NBA Draft 2019 Primer: Back at Barclays Center
Seventh consecutive Brooklyn-hosted draft will tip off with broadcast coverage at 7 p.m.
For the seventh straight year, the NBA Draft will be held at Barclays Center, with television coverage beginning at 7 p.m. on ESPN and the draft beginning at 7:30 p.m.
The New Orleans Pelicans have the first pick in tonight’s draft after making a big jump at the draft lottery. They’ll be followed by Memphis and New York. The Los Angeles Lakers will select fourth, with that pick widely reported to be headed to New Orleans as part of a blockbuster deal for Anthony Davis.
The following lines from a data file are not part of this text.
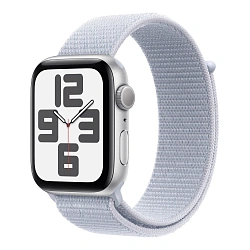 Умные часы Apple Watch SE (2024) 44mm GPS Silver Aluminum Case Blue Cloud Sport Loop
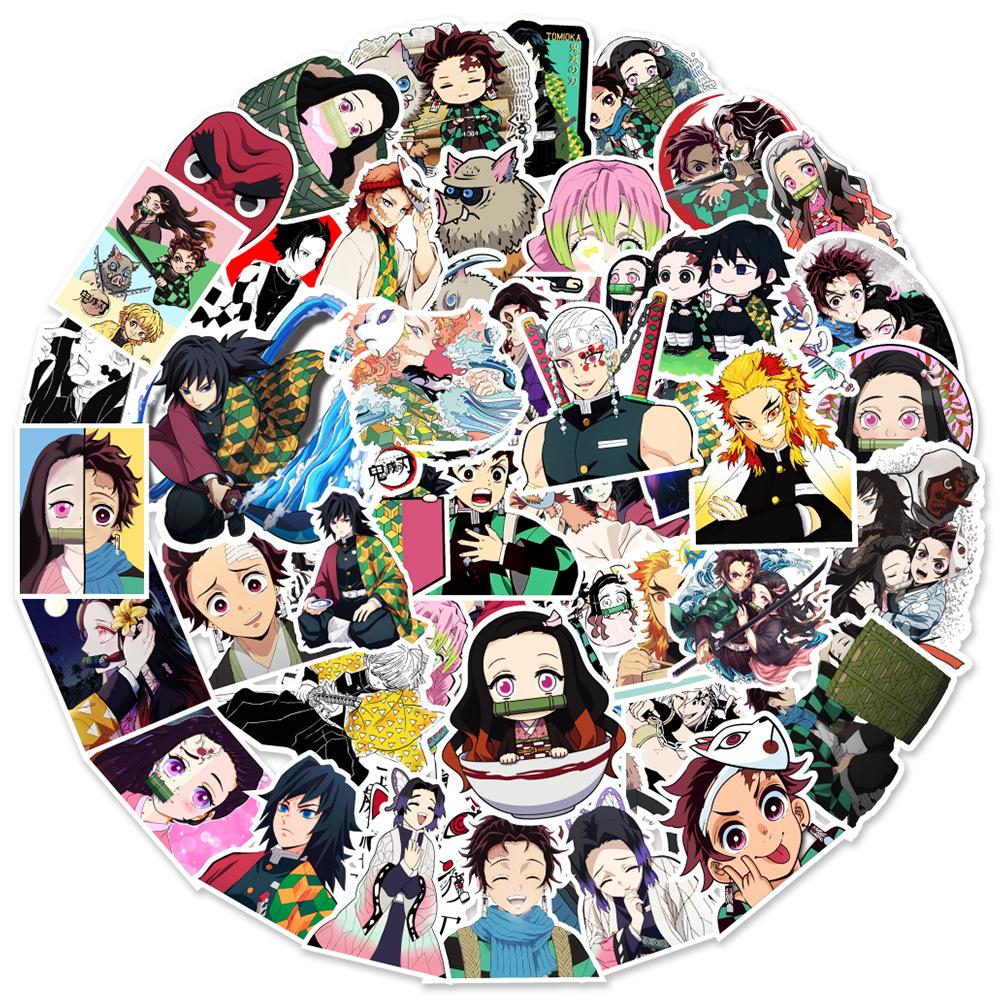 50 New Demon Slayer Graffiti Stickers Mobile Ticket Motorcycle Skateboard Decorative Stickers Waterproof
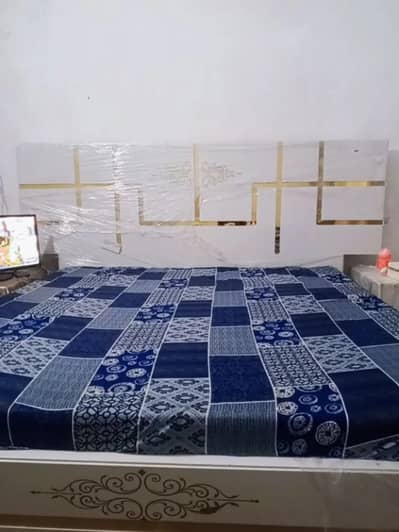 Fancy Type Bed with besides Tables with mattress new condition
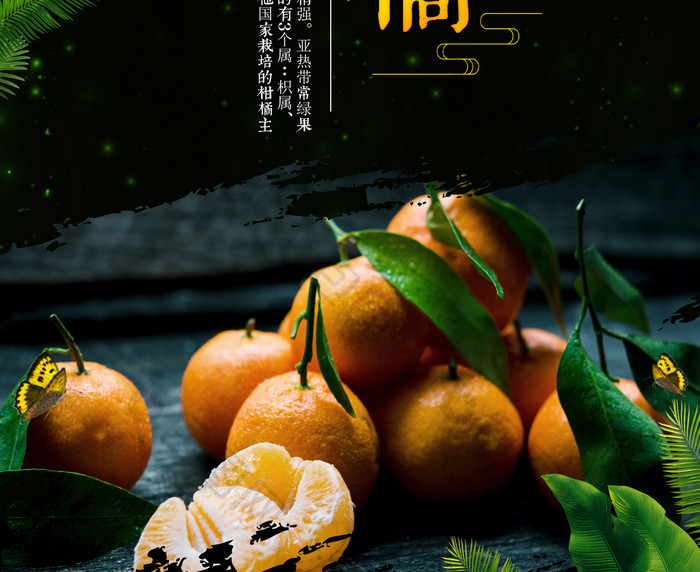 简约大气柑橘创意海报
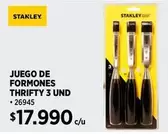 Stanley - Juego De Formones Thrifty 3 Und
Duke freshman Zion Williamson is the presumptive No. 1 pick, with his teammate R.J. Barrett and Murray State’s JA Morant widely expected to be selected in the following two slots. A third Duke freshman, Cam Reddish, is also in the top 10 mix, along with Virginia’s De’Andre Hunter and Texas Tech’s Jarrett Culver
They are among 20 players reported to be expected in attendance at the draft in the green room. Others include Vanderbilt’s Darius Garland, North Carolina’s Coby White and Nassir Little, Gonzaga’s Rui Hachimora and Brandon Clarke, Indiana’s Romeo Langford, Kentucky’s P.J. Washington, Tyler Herro and Keldon Johnson, and international prospects Sekou Doumbouya and Goga Bitadze.
NBA DRAFT … BACK IN BROOKLYN
This will be the seventh straight year that the NBA Draft is held at Barclays Center. The Cleveland Cavaliers selected Anthony Bennett of UNLV with the first draft pick ever announced at Barclays Center. Bennett was one of five 2013 first-round picks that would eventually play for the Nets, including Mason Plumlee, chosen at No. 22 to become the first Brooklyn Net drafted at Barclays Center.
Andrew Wiggins, Karl-Anthony Towns, Ben Simmons, Markelle Fultz, and DeAndre Ayton have been the subsequent No. 1 overall picks at Barclays Center.
NETS PICKS WERE HOME AT BARCLAYS CENTER
Last June, Dzanan Musa and Rodions Kurucs became the latest Nets to be welcomed to the NBA on draft night at Barclays Center. Musa, a 19-year-old selected No. 29, spent much of his rookie season in the G League, helping Long Island to the Eastern Conference championship and a spot in the league finals. Kurucs, a 20-year-old selected No. 40, made a surprise impact in Brooklyn, starting 46 games for the Nets and averaging 8.5 points, earning a spot in the Rising Stars game at All-Star Weekend.
Kurucs was joined in Charlotte for the Rising Stars game by center Jarrett Allen, the team’s first-round selection in 2017. Allen, 19 at the time, propped a Nets cap atop his ‘fro for the handshake with commissioner Adam Silver.
AND THE NETS SELECT …
In surveying mock drafts, there are several players who have been consistently projected to land in Brooklyn. You can click on their names below to check out our profiles of them:
- KZ Okpala
- Romeo Langford
- Carsen Edwards
- Sekou Doumbaya
- Luguentz Dort
- Grant Williams
- Cameron Johnson
- Ty Jerome
- Chuma Okeke
- Luka Samanic
WHAT’S THE HISTORY WHERE THE NETS PICK?
Just taking a look at the last decade, there’s been plenty of value found late in the first round.
At No. 27, if you go back to 2009 you’ll find Brooklyn’s own DeMarre Carroll. Center Rudy Gobert, the 2017-18 Defensive Player of the Year, a three-time All-Defensive Team selection and two-time All-NBA pick, was Utah’s selection in 2013, and Toronto’s Pascal Siakam was taken in 2016. There’s also Kyle Kuzma of the Los Angeles Lakers (2017), Larry Nance Jr. of the Cleveland Cavaliers (2015) and Bogdan Bogdanovic of the Sacramento Kings.
At No. 31, there’s Allen Crabbe, drafted in 2013, while Cleveland’s Cedi Osman was drafted in 2015, made his NBA debut in 2017, and played in the Rising Stars game this season. There’s also former Net Bojan Bogdanovic, now with the Indiana Pacers.
Going back another 30 seasons, some of the top picks at these spots are No. 27 selections Arron Afflalo (2007), Kendrick Perkins (2203), current Nets assistant coach Jacque Vaughn (1997), Elden Campbell (1990) and Dennis Rodman (1986) and No. 31 selections Gilbert Arenas (1991), Manute Bol (1985) and Doc Rivers (1983).